Seven down, one to go! Dave 1 trial fits an axlebox.
Alan has been busy with his homework project, preparing a batch of Forestry plates. The original Chinese ones will be used on the loco, while the replicas will be for sale the the Quirks and Curiosities II event in 3 weeks time.
On Saturday, there was a shortage of loco crews and Paul got drafted onto the Palmerston for the morning run of the 'Snowdonian
' special train. These two locos are each 125 years older than our C2! (Photo © Roger Dimmick)
Boring out the large holes in the dragbox yokes. The smaller holes have already been drilled and reamed, ready for Iglidur bushes to be pressed in. The pins that Colin made last month will go in these holes.
A replica worksplate, re-engraved and ready for the final touches of paint. It reads 'Harbin Forest Machinery Factory'. We don't know if our loco ever carried these, but Harbin 210, 211, 218 and 219 at Rongshan certainly had them on the dome covers, and we've also seen one of these plates at Yinghao.
Here's proof that we did achieve our main goal. Al, Paul, Dave and Sam pose in Glan-y-mor yard head shunt. Missing from the photo is Dave2, Matt and Chris who were also at the working party. Their help is greatly appreciated.

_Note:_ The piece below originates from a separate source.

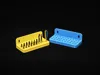 6.35mm Bit Storage Tray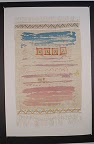PUEBLO SERIES – SOLD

Andrew was unfortunately called away on the last morning to drive the Welsh Highland Railway train to cover for sickness and so is also absent from this picture. - Matt Keen 17/04/2017
Getting ready to lift the loco frames onto the old skates over the wheel sets. - Andrew Nelms 15/04/2017
Getting ready to lift the second wheel set into the frames. - Andrew Nelms 15/04/2017
Axle 1 is lifted into place and secured in place with the horn keep. - Andrew Nelms 15/04/2017
All 4 wheel sets being prepared for installation in the frames. - Andrew Nelms 15/04/2017
View from under the frames prior to lifting the wheel set. - Andrew Nelms 15/04/2017
With all the wheel sets fitted into the frames and the springs/suspension assembled, Sam and Al lower the rolling chassis onto the the track for the first time on 2' gauge. - Andrew Nelms 15/04/2017
The combined weight of the frames with all the wheels and suspension fitted. Total weight at nearly 4.2 tonnes. The wheelsets with axleboxes are about 550kg each. - Andrew Nelms 15/04/2017
All wheel sets now fitted. - Andrew Nelms 15/04/2017
Al fitting the horn keeps under frames - Andrew Nelms 15/04/2017
At one time, Boston Lodge used to photograph their new locos and rolling stock in front of a corrugated iron fence. Here's a modern interpretation with the new 'Sied Gwlyb' in the background.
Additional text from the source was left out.